チェリーストーンのナンバーワンに座る男、アリカを自宅に送り届けるだなんて、なんて責任重大なミッションなのだろう。
より安全な運転を意識しないと。
彼に傷ひとつでも付けたら、志摩の首なんて彼方の方向へあっという間に吹っ飛ばされてしまう。
それなのに。

「ちょうど良かった、志摩さん。俺、寄りたいとこあるんだけどいい?」

「え!?」

それなのにアリカときたら志摩の心境を一切察せずに、真っ直ぐ帰ることを拒み、寄り道を要求してきた。



他はいいけど、アリカはダメ

寄り道も道草も頑なに断る志摩。

「ダメだよ、寄り道なんて。真っ直ぐ帰るよ。」

「えー!いいじゃん、ちょっとくらい。」

「ダメだよ、ダメ。そのちょっとの油断が命取りになり得る場合だってあるんだから。」

「えぇー!てっさんだと全然寄り道してくれないから、志摩さんならしてくれるって思って、すごく楽しみにしてたのに。」

「その話聞いたら余計に頷けないよ。兄貴がしてないのなら俺も出来ないって。
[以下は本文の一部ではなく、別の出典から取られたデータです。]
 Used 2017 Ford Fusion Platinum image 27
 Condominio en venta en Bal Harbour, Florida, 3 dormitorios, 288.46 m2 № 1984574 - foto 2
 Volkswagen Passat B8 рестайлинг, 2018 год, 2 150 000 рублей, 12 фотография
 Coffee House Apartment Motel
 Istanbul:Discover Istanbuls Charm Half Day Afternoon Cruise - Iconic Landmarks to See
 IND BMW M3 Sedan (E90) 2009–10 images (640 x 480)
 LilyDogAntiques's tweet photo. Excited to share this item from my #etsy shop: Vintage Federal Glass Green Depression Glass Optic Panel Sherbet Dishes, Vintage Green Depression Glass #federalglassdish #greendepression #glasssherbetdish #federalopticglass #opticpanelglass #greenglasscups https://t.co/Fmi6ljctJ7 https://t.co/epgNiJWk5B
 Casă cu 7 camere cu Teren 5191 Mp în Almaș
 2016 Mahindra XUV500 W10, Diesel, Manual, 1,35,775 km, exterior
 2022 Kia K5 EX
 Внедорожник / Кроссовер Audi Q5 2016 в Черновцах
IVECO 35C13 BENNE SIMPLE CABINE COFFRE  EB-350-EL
」

こんなワガママぐらい、本当なら二つ返事で頷きたい。
エーチやアズ、キィやエヴァからだったら、間違いなく志摩は直ぐに了承していた。
けれど今回の相手はアリカ。
チェリーストーンナンバーワンを誇ってるアリカ様だ。
他の子と同じ感覚で扱うのはNGで、ご丁重に接するのが義務の一部であろう。

「どーしてもダメ?志摩さん。」

「ダメ。ダメなものはダメ。」



志摩は甘い?

「いいじゃん。俺に付き合ってよ。俺も志摩さんのこと、もっと知りたいしさ。」

「・・・・・・。」

しかし、その言葉で揺らぐ志摩の天秤。
アリカに『付き合って』とか、『もっと自分のこと知りたい』とか言われたら、もう・・・。
世の女性には申し訳ないが、志摩だって嬉しさのあまりブレてしまう。
そしてその結果。

「・・・今回、だけだよ。」

結局、アリカのワガママに頷くことに。

「さっすが志摩さん。やっぱりてっさんとは違って話分かってくれるな。」

やっぱり嬉しさには敵いません。
けれどアリカの中で志摩への印象が甘くなってないか。徹夜にはない抜け目となってしまってないか。
少々、不安を覚える結論だった。